=== RECORDS FOR THE EXERCISE ===

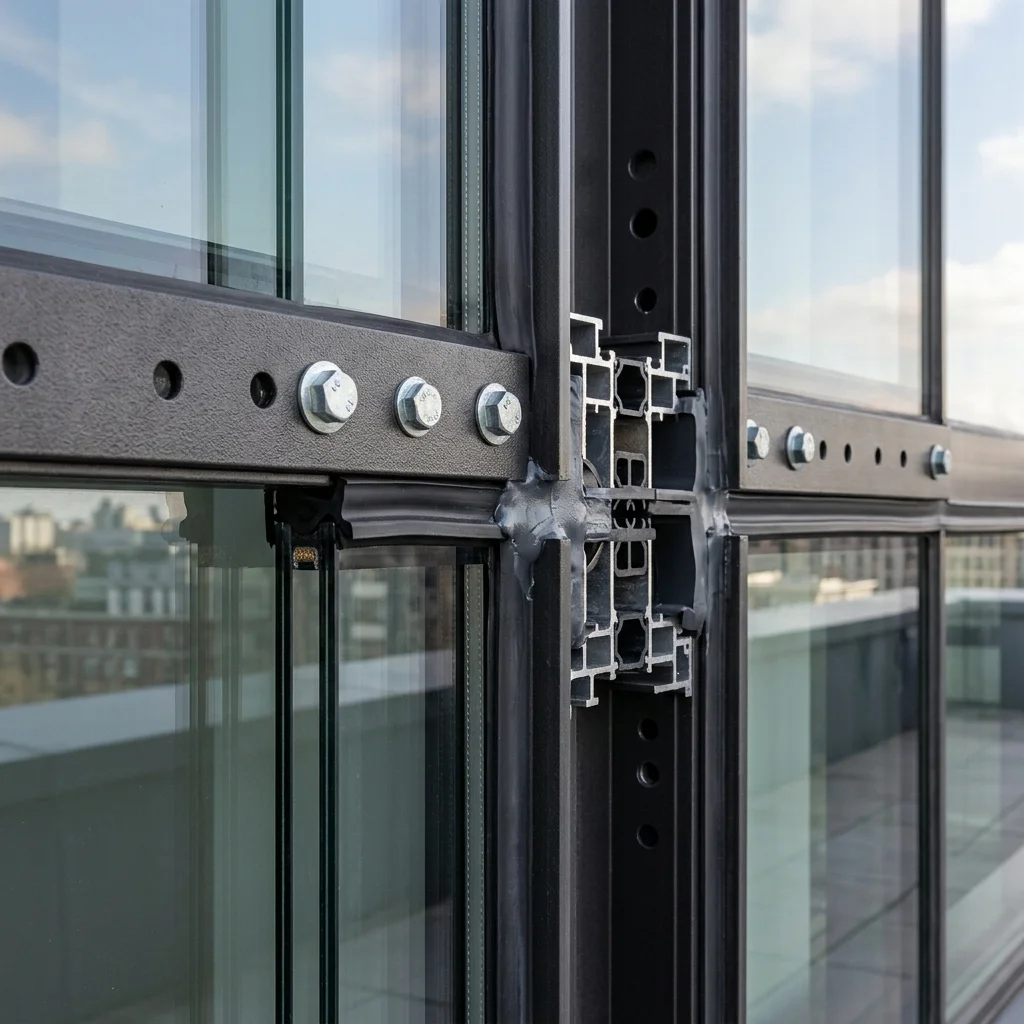 Silicone Glazing Detail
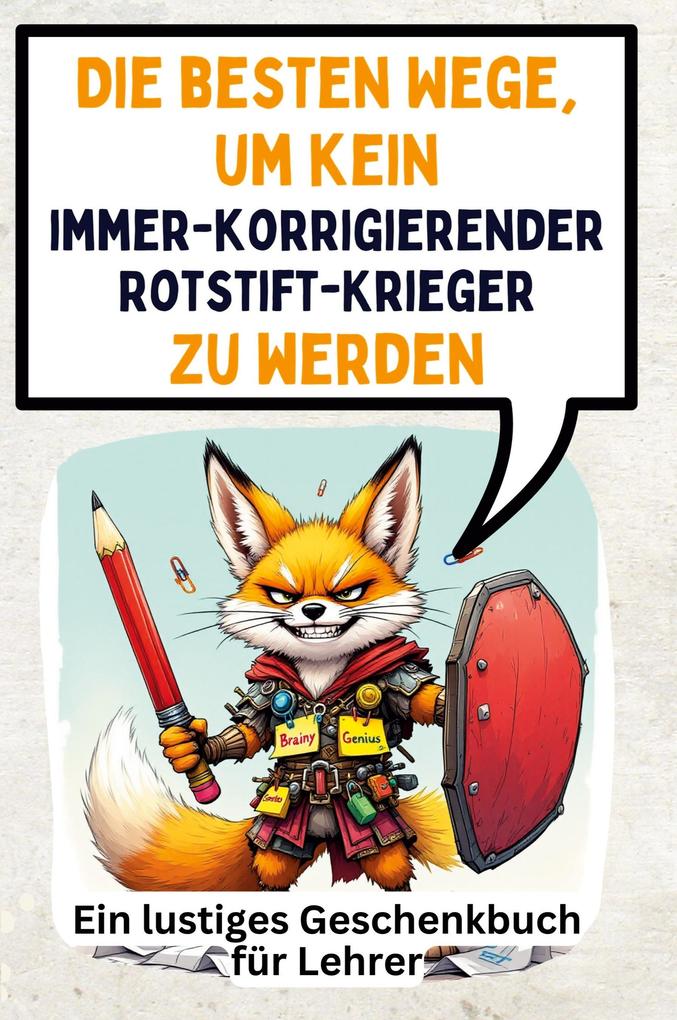 Die besten Wege um kein immer-korrigierender Rotstift-Krieger zu werden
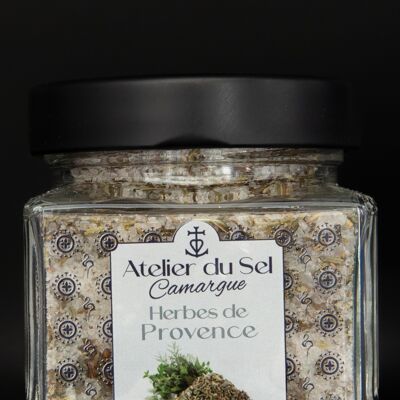 Salt with Herbs of Provence - 200 gr
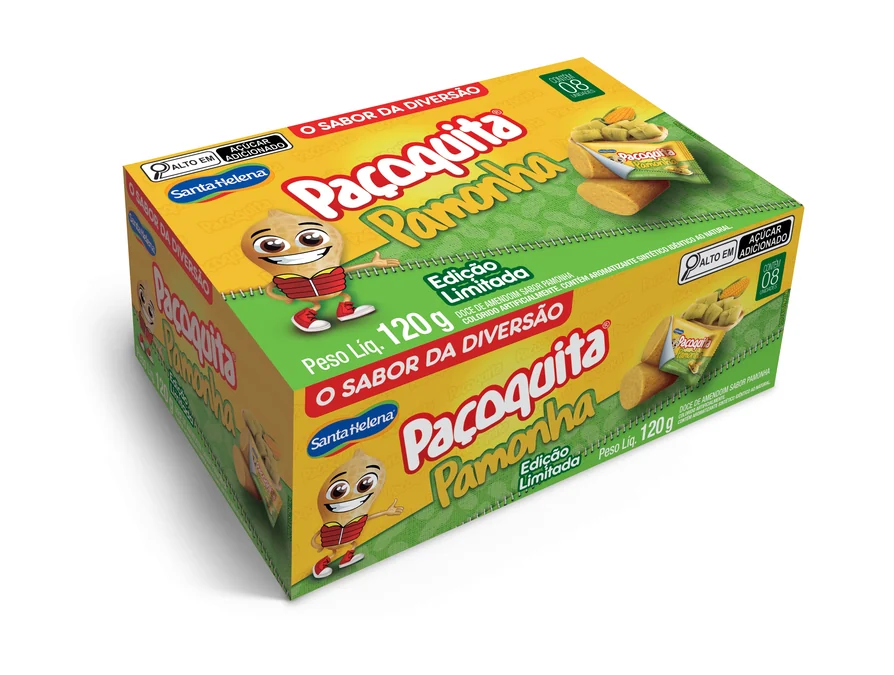 Paçoquita aposta em Maçã do Amor no São João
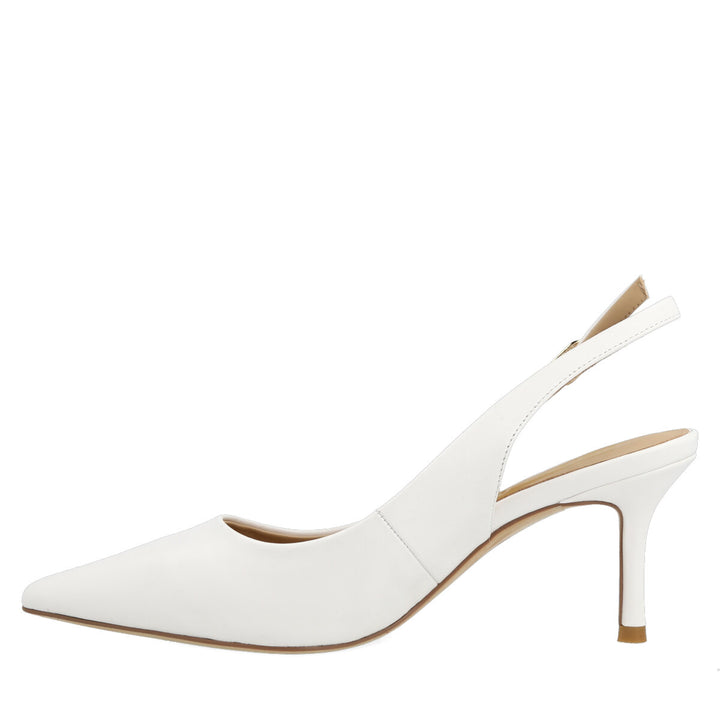 Uma Parker Chanel In Nappa Bianco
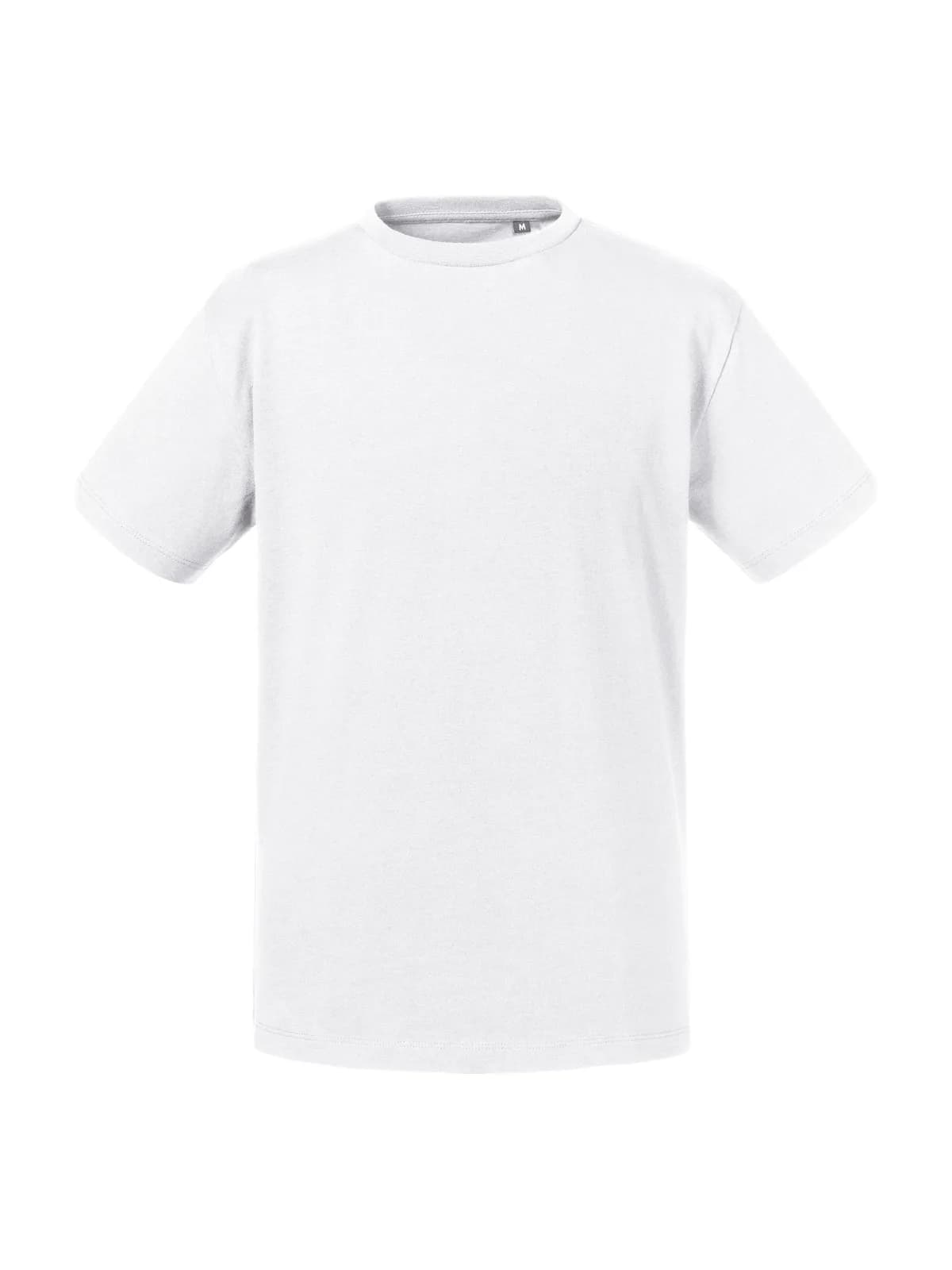 Kids Pure Organic Tee — WHITE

===

WHAT YOU WILL DO: Leave out the images and repeat the rest of the data word for word.

COMPLETED EXERCISE:
 Silicone Glazing Detail
 Die besten Wege um kein immer-korrigierender Rotstift-Krieger zu werden
 Salt with Herbs of Provence - 200 gr
 Paçoquita aposta em Maçã do Amor no São João
 Uma Parker Chanel In Nappa Bianco
 Kids Pure Organic Tee — WHITE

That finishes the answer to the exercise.